(Provided material begins)

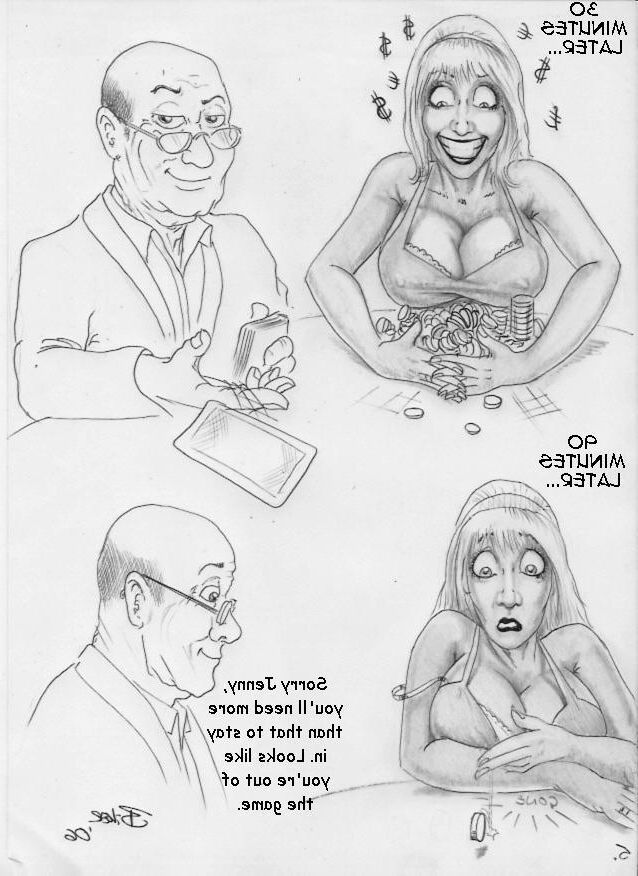 Erotic cartoon The Game Jenny plays Poker by Biker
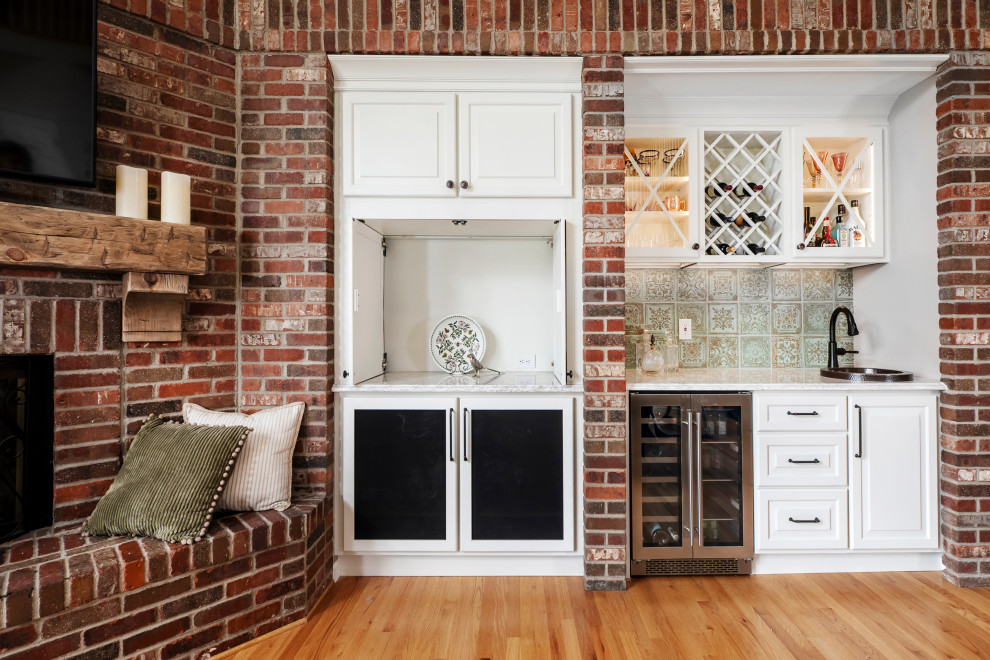 TV Space Custom Serving Area French Country Home Bar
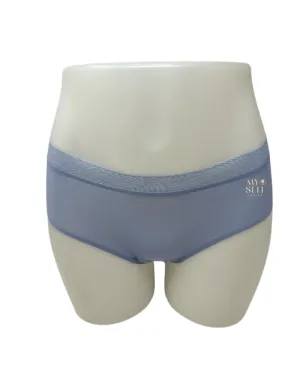 Chantelle Chambray Blue Stretch Hipster with Lace One Size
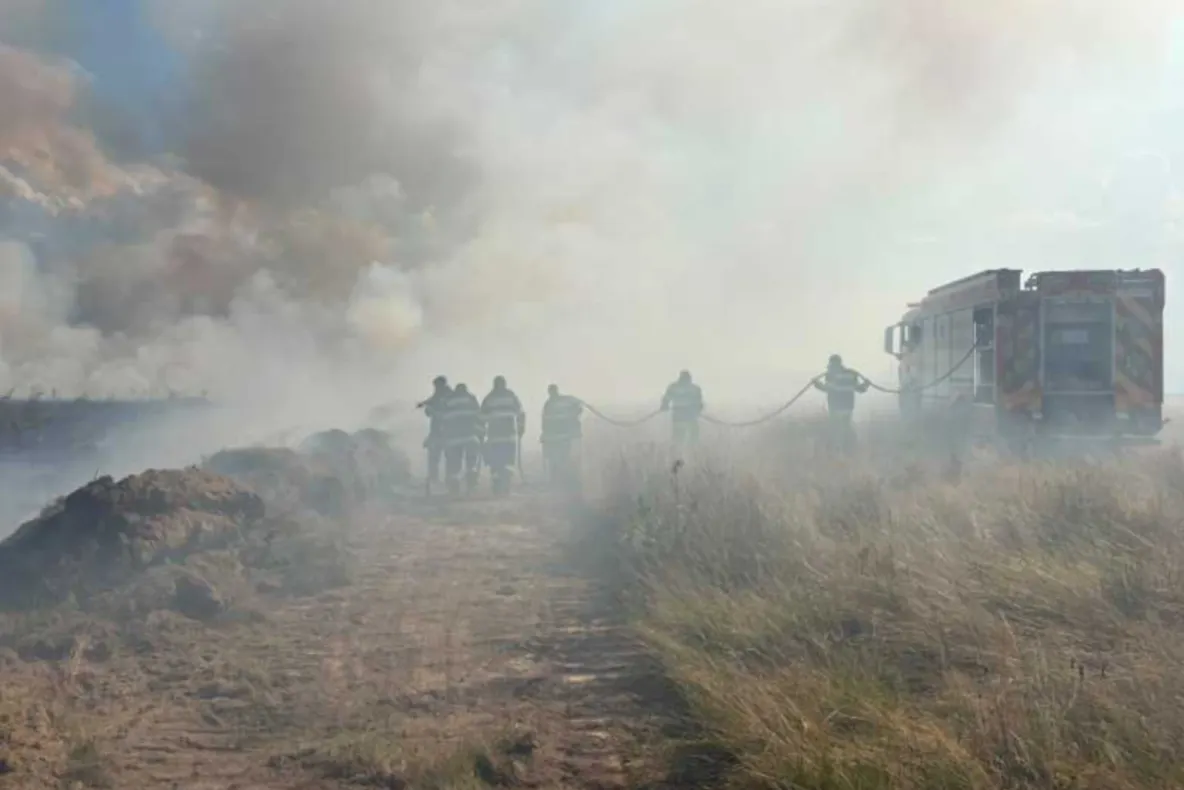 Incendiu masiv de vegetație în județul Sibiu. Aproximativ 50 de hectare au fost mistuite de flăcări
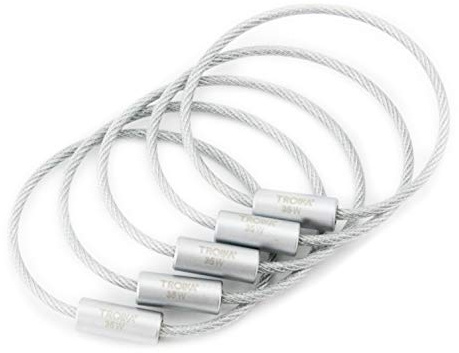 TROIKA BASIC SET 99Z203 – -TB-99Z203-5 Drahtschlaufen für verschiedene Tier-Schlüsselanhänger und EMILY + VALERIE – 14,5 cm lang, matt – silber – Original
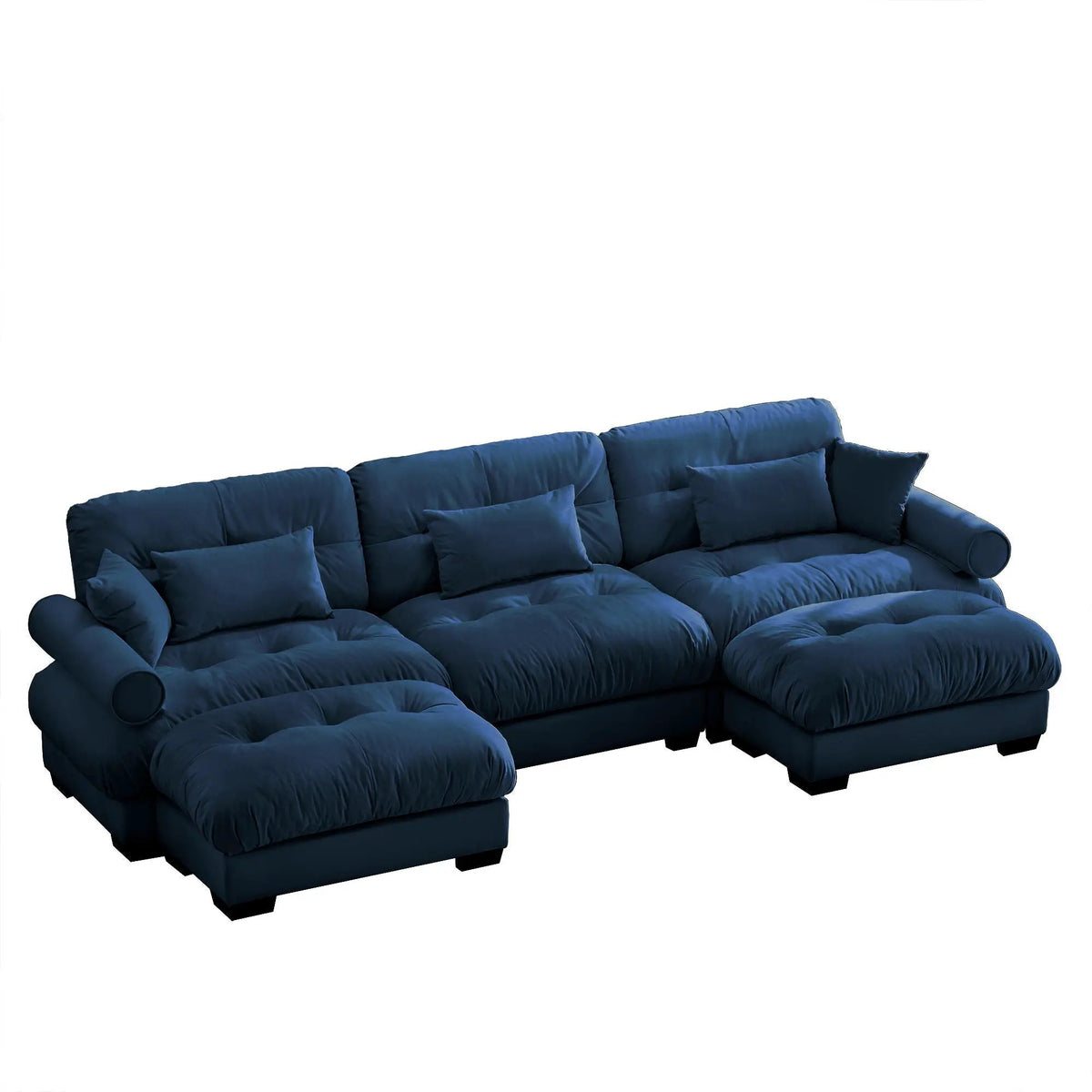 Modular Sectional Sofa | Deep Comfort Cushions | Vintage Fabric Ottoman
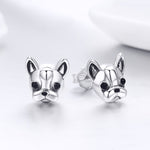 Bông tai động vật bạc S925 hình chó bulldog, bông tai bạc trơn, SCE283
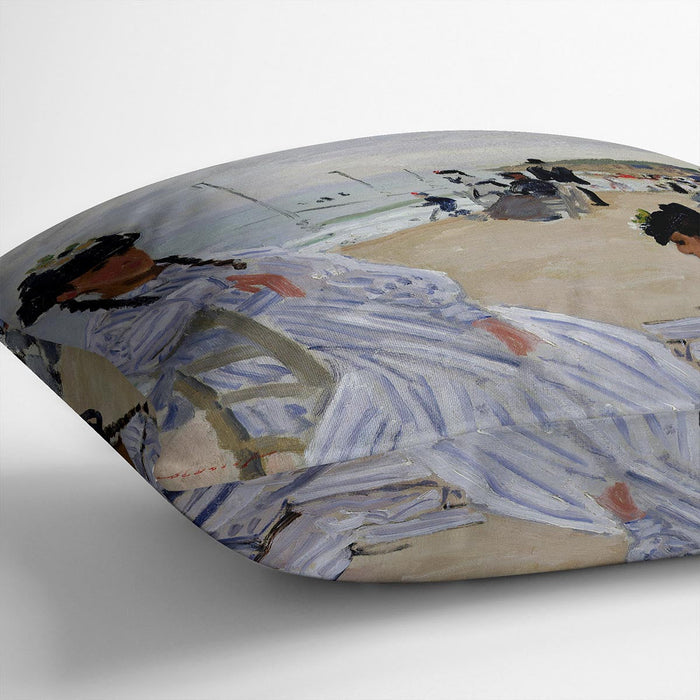 The beach at Trouville by Monet Cushion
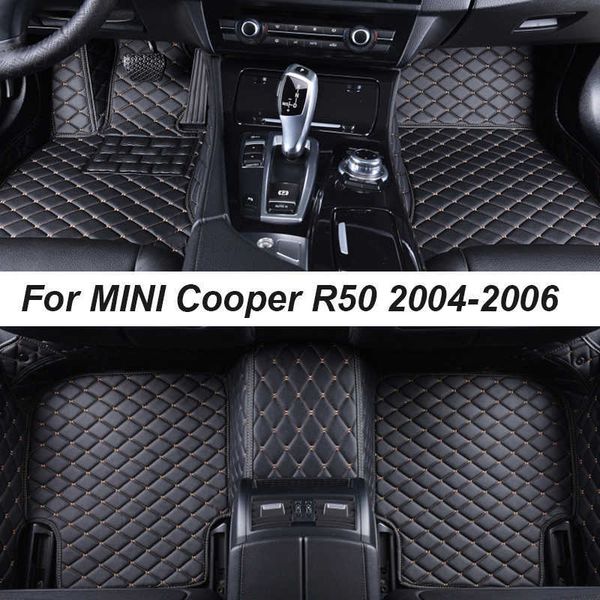 

car floor mats for mini cooper r50 2004-2006 dropshipping center interior accessories 100% fit leather carpets rugs foot pads r230307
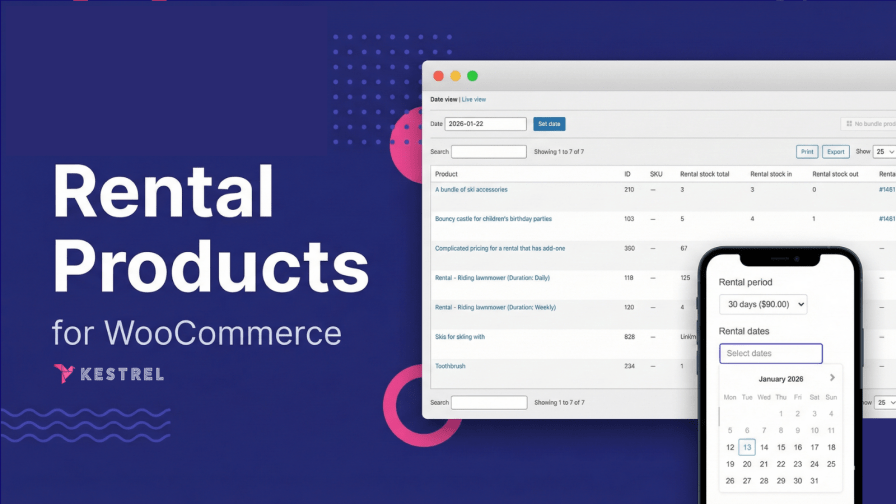 Hero image for Rental Products - showing the inventory admin and the frontend product page calendar selection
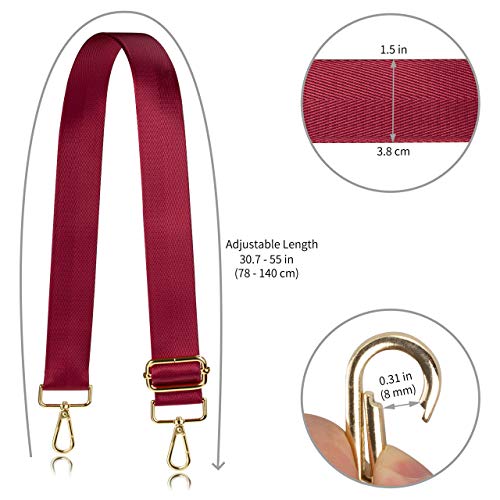 Allzedream Wide Purse Strap Replacement Crossbody Shoulder Bag Adjustable (Red) #TOP4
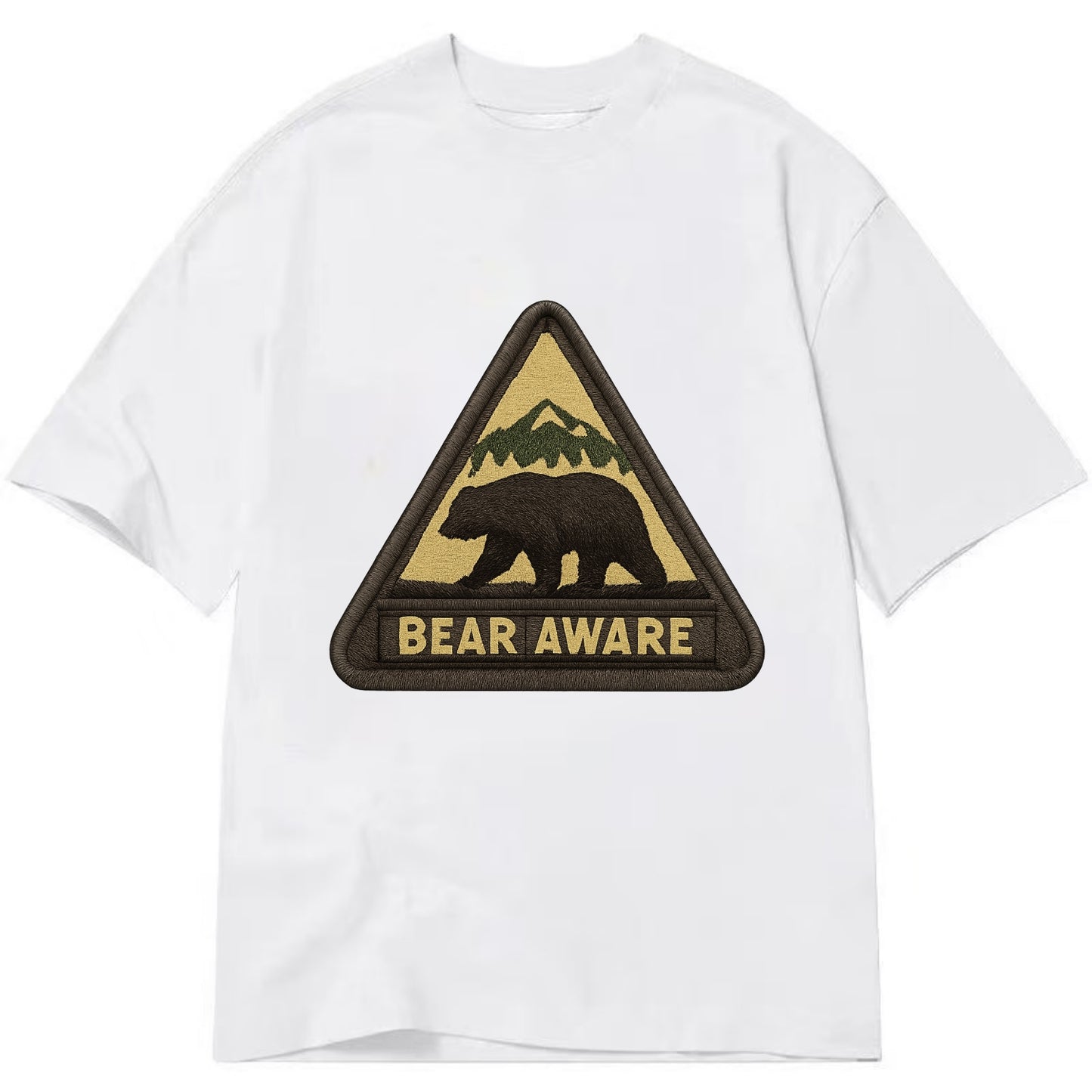 BEAR AWARE - bear silhouette warning in brown and yellow , wilderness safety - Classic T-shirt - White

(Provided material ends)

Your answer should be the exact lines above from the one containing "Incendiu masiv de" through the one containing "Modular Sectional Sofa", with both end lines kept and the pictures removed, please.

Exercise result —
 Incendiu masiv de vegetație în județul Sibiu. Aproximativ 50 de hectare au fost mistuite de flăcări
 TROIKA BASIC SET 99Z203 – -TB-99Z203-5 Drahtschlaufen für verschiedene Tier-Schlüsselanhänger und EMILY + VALERIE – 14,5 cm lang, matt – silber – Original
 Modular Sectional Sofa | Deep Comfort Cushions | Vintage Fabric Ottoman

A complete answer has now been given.